Very pretty. I like the colors. I also like the open weave. I did not know you can use every other spot on the dents. Boy do I have a lot to learn. The shawl I'm doing now I'm not putting the fringe on. I have broken much on my warp yup tension is not so good there either. Plus when I put it back in the whole I messed it up. I read that I can fix it later on so I will. So far I still love my loom even though it is taking me so long to learn it.


----------



## ilmacheryl (Feb 3, 2013)

mama879 said:


> Very pretty. I like the colors. I also like the open weave. I did not know you can use every other spot on the dents. Boy do I have a lot to learn. The shawl I'm doing now I'm not putting the fringe on. I have broken much on my warp yup tension is not so good there either. Plus when I put it back in the whole I messed it up. I read that I can fix it later on so I will. So far I still love my loom even though it is taking me so long to learn it.


The best purchase I ever made made for weaving was Angela Tong's Craftsy class.


----------



## mama879 (Jan 27, 2011)

ilmacheryl said:


> The best purchase I ever made made for weaving was Angela Tong's Craftsy class.

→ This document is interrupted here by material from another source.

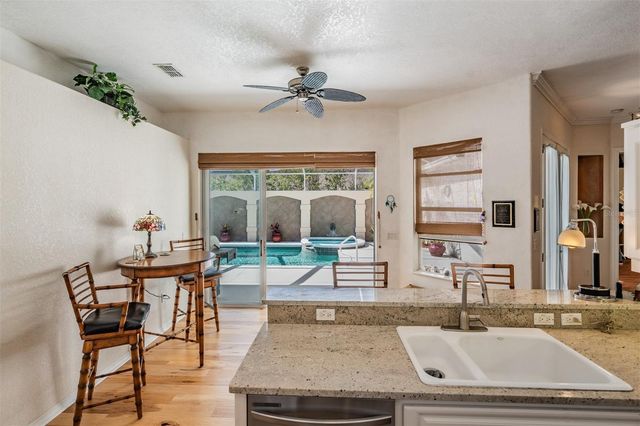 12220 WOODLANDS CIRCLE, Dade City, FL 33525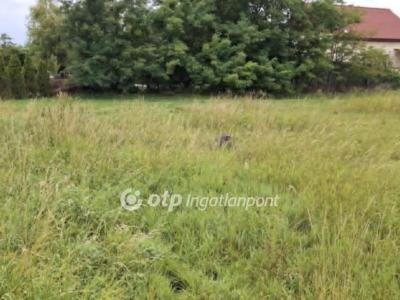 Eladó lakóövezeti telek Pusztaszabolcs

I will look at craftsy they should have a special again soon. Thanks.


----------



## Spooly (Oct 22, 2011)

The shawl is beautiful.


----------



## Cdambro (Dec 30, 2013)

Your shawl is just so pretty. The thick and thin gives it such a pretty texture.


----------



## Reba1 (Feb 5, 2012)

Oh, very pretty!


----------



## nellig (May 10, 2016)

It is beautiful.


----------



## crafterwantabe (Feb 26, 2013)

Beautiful!


----------



## lovey (Nov 11, 2011)

:sm24:


----------



## JeanneW (Feb 9, 2013)

Lovely shawl!


----------



## Ettenna (May 3, 2013)

love this yarn. Beautiful color and texture.


----------



## DanielS (Mar 2, 2016)

I'm jealous. Darn, I have just committed another deadly sin. :sm16: 
Beautiful! :sm24:


----------



## WVfarmgirl (Jan 27, 2013)

Gorgeous!


----------